Exercise aim:
Every line of the listing below should come back exactly as written, with no images.

Data:
BEGIN
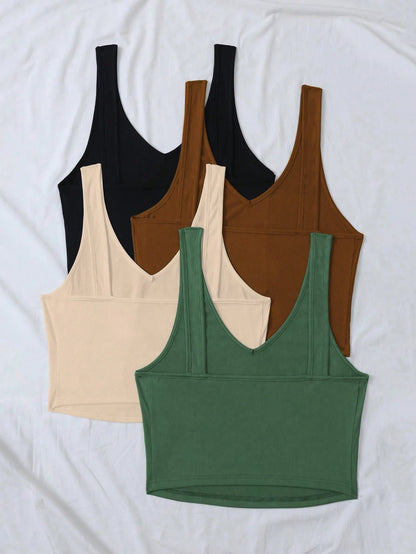 Calvaya Plus Size Solid Color V-Neck Slim Fit Tank Top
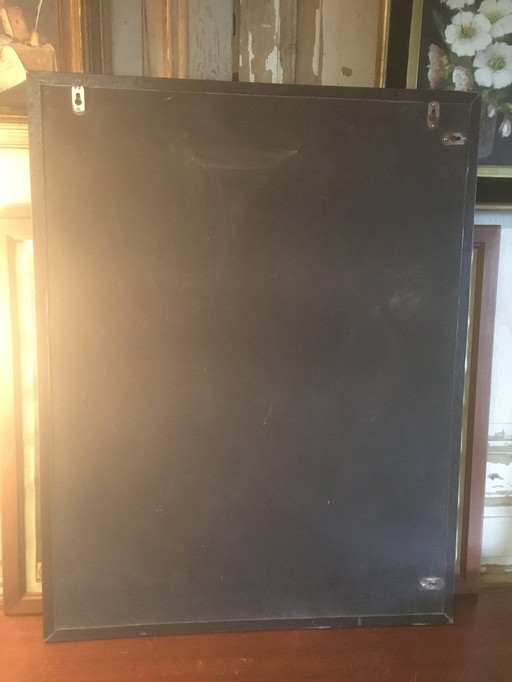 Miroir en cuir biseauté Vitage, 1970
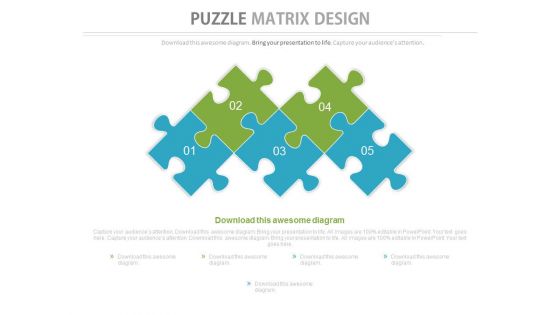 Five Staged Puzzles Matrix Design Powerpoint Slides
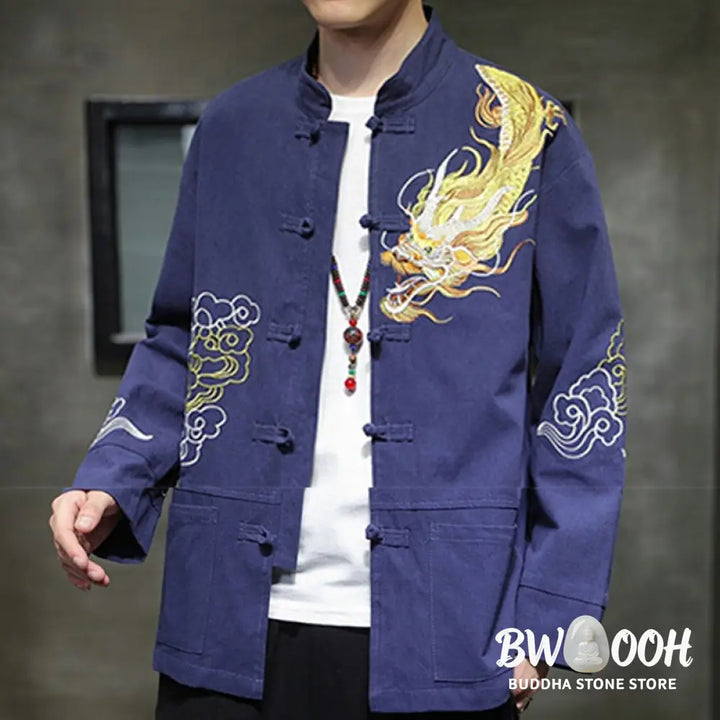 Buddha Stones Dragon Auspicious Cloud Embroidery Clothing Chinese Tang Suit Jacket Men Clothing - Clothes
END
Response to this exercise:
 Calvaya Plus Size Solid Color V-Neck Slim Fit Tank Top
 Miroir en cuir biseauté Vitage, 1970
 Five Staged Puzzles Matrix Design Powerpoint Slides
 Buddha Stones Dragon Auspicious Cloud Embroidery Clothing Chinese Tang Suit Jacket Men Clothing - Clothes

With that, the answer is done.